Flamescope is a new open source performance visualization tool that uses subsecond offset heat maps and flame graphs to analyze periodic activity, variance, and perturbations. We posted this on the Netflix TechBlog, Netflix FlameScope, and the tool is on github. While flame graphs are well understood, subsecond offset heat maps are not (they are another visualization I invented a while ago). FlameScope should help adoption.
In summary: the x-axis are columns of whole seconds, and the y-axis is the fraction within each second, grouped as buckets (boxes).
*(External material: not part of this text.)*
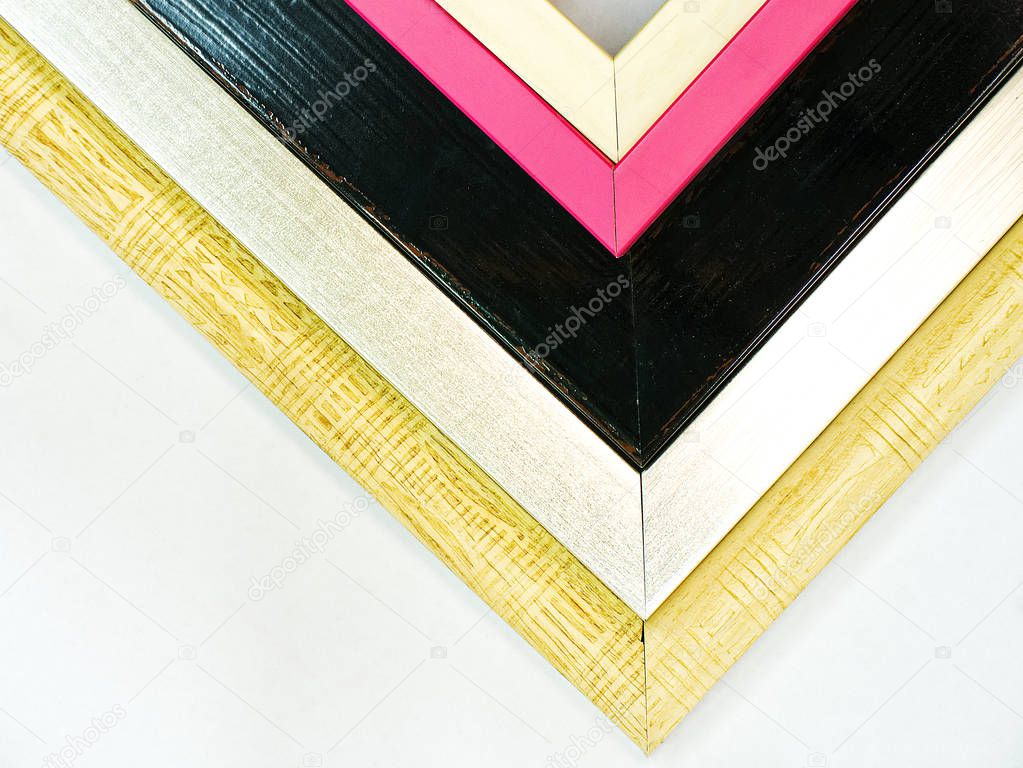 Modern wooden picture frames / Colorful timber and metal paiting framings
The box color scales to show the number of events that happened at that second and subsecond: darker is more. Here's a real subsecond offset heat map of CPU samples:
What can you identify in this? In this post I'll draw some synthetic subsecond offset heat maps for CPU samples, so I can separate out and show you patterns. In the real flame scope tool, these patterns can be selected and a flame graph generated, to show the responsible code paths (I'm not demonstrating flame graphs here).
1. One thread, once per second
A thread wakes up at the same offset each second, done a few milliseconds of work, then goes back to sleep.
2. One thread, twice per second
The wakeups are exactly 500 ms apart. It could be two threads, but chances are it's one, given the 500 ms offset.
3. Two threads
This looks like two threads waking up once per second.
4. One busy-wait thread, once per second
This thread does about 20 ms of work, then sleeps for a whole second (1000 ms). It's a common pattern, and results in the wakeup offset creeping forward each second.
5. One busy-wait thread, twice per second
The wakeups are now 500 ms apart. Chances are it's one thread, twice per second.
6. One heavy-busy-wait thread
The slope is higher, as it's doing more work per second, looks like about 80 ms.
7. One less-busy-wait thread
The slope is less, as it's doing less work per second, probably a few milliseconds.
8. One busy-wait thread, once every five seconds
Now it's only waking up once every 5 seconds.
If you're already wondering, I think we can calculate the CPU busy time on each wakeup based on the angle and the spacing between wakeups:
busy_time = (1000ms / (heatmap_rows x spacing)) x tan(angle)
So my earlier 45 degree line would be:
busy_time = (1000ms / (50 x 1)) x tan(45) = 20ms
9. CPUs 100% utilized
What it would look like if you maxed out all CPUs perfectly.
10. CPUs 50% utilized
Real world workloads look more like this. It's composed of short requests, random arrivals.
11. CPUs 25% utilized
Same workload at 25%.
12. CPUs 5% utilized
Same workload at 5%.
13. Load increasing
Over the span of 2 minutes, the load has become heavier.
14. Variable load
Every 30 seconds there is 5 seconds of heavier work.
15. CPU perturbations
Every so often, all CPUs max out for 100s of ms. (Eg, GC).
16. CPU blocking
Every so often, all CPUs idle for 100s of ms. (Eg, I/O).
17. Single-threaded blocking
Every so often, all CPUs idle except one (pink lines, not white) (Eg, global locks).
The last pattern is especially interesting: it happens when all threads are blocked on a lock, which is held by one thread that's running on-CPU. What's that thread doing? Just click the pink line in FlameScope and now you're looking at its flame graph. This makes analyzing a difficult performance problem trivial.
Now what can you see?:
You now speak flame scope. In the real flame scope tool, you can select each of those patterns, and a flame graph will be shown that explains the code paths responsible.
Tonight I'm giving a talk at the LinkedIn performance meetup on FlameScope with my colleague Martin Spier, who has done most of the development work for the Netflix/FlameScope tool.
Good luck FlameScoping, and please share screenshots of the interesting patterns you encounter!